Flash is supposed to freeze motion, right? So is the shutter speed then just to control the ambient light coming in? Does it control flash fall-off as well?

What about aperture, then? Does it control anything other than DOF? Well, I know that if I stop down there will be less light hitting the sensor, but still.* I guess what I'm asking is: in flash photography, what should I use the aperture to control? What should I use the shutter to control?*


----------



## shingfan (Mar 22, 2007)

i'm also a newbie...but as far as i know

when using a flash.....aperture affects the expose on flash.....shutter on the other hand doesnt affect the flash exposure much......shutter is used to capture the ambient.....because flash duration is very short compare to the shutter speed.......so depending on whether you want pure flash or ambinet + flash....you would adjust your aperture and shutter accordingly


----------



## JonR (Mar 22, 2007)

You have two different light sources. Your flash is instantaneous (near enough) blink and you'll miss it. In fact, you'll probably miss it anyway, whereas other lights are continuous, you can see them all the time.

Because flash is instantaneous , your shutter speed does not affect the exposure of the flash. Hence, if flash was your only source of illumination (as in a studio) you could use any length of exposure from 1/250 (or whatever your highest sync speed is) to 3 minutes and providing your subject stayed still, you would get exactly the same picture.

When mixing ambient with flash, essentially yes, the aperture controls the flash exposure and the shutter speed controls the ambient exposure. The way I do it is: 

1. Pick aperture for desired DOF
2. Match flash power so that exposure is correct (by chimping and adjusting)
3. Set shutter speed to max sync
4. See what is illuminated by the flash
5. Bring shutter speed down to adjust ambient exposure. Stop when you like.

There's loads more here, as I recognise that that was probably the worst description ever: http://strobist.blogspot.com/2006/03/lighting-101-balancing-flash-and.html


----------



## ksmattfish (Mar 22, 2007)

guitarmy said:


> in flash photography, what should I use the aperture to control? What should I use the shutter to control?[/B]

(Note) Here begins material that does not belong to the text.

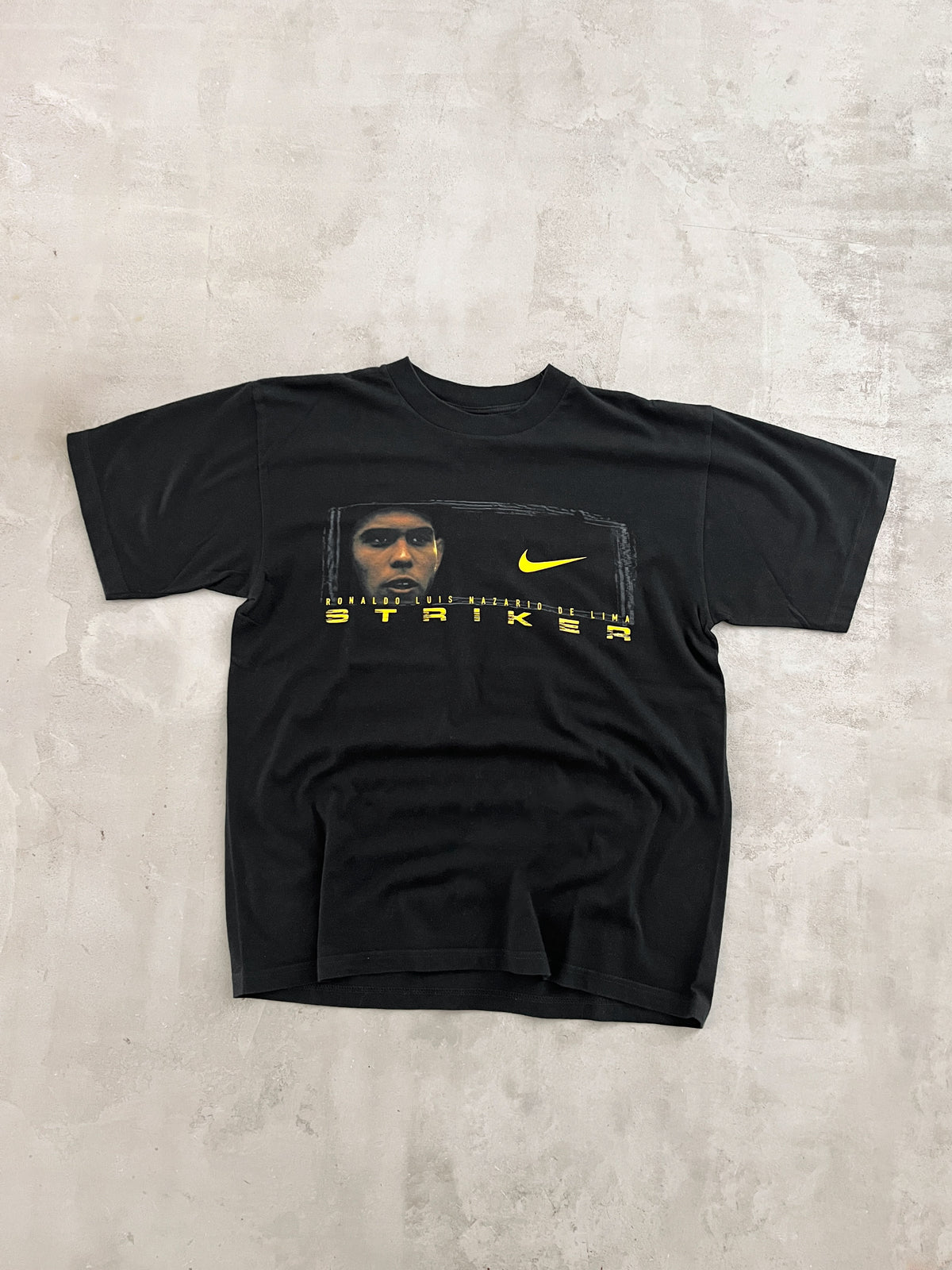 BLACK RONALDO NAZARIO R9 TEE - 1990S - L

Use aperture to control the exposure of the part of the scene that will be lit by the flash (you can also use flash power settings and distance to adjust this).  Use shutter to control the parts of the scene that will not be lit by the flash.

If you have the flash set for proper exposure of the subject, and you use a high shutter speed, dimly lit backgrounds will be very dark.  With a slow shutter speed they will be brighter, but watch out for camera shake if you are going really slow.

With very bright backgrounds (like bright skies) use flash to light the subject, and set the shutter high to properly expose the sky (assuming flash sync speed doesn't get in your way).


----------



## guitarmy (Mar 22, 2007)

No, that was super helpful. Thanks! I read the Strobist all the time, but as far as I've read I hadn't really found a clearcut, concise description of flash vs. shutter vs. aperture.


----------



## Big Mike (Mar 22, 2007)

Flash photography is actually capturing two exposures...one is the flash exposure and one is the ambient exposure.  Most of the time, we want these two exposure to line up (or for one of them to be completely dominant).  It may help you if you think about the two exposures when trying to figure it out.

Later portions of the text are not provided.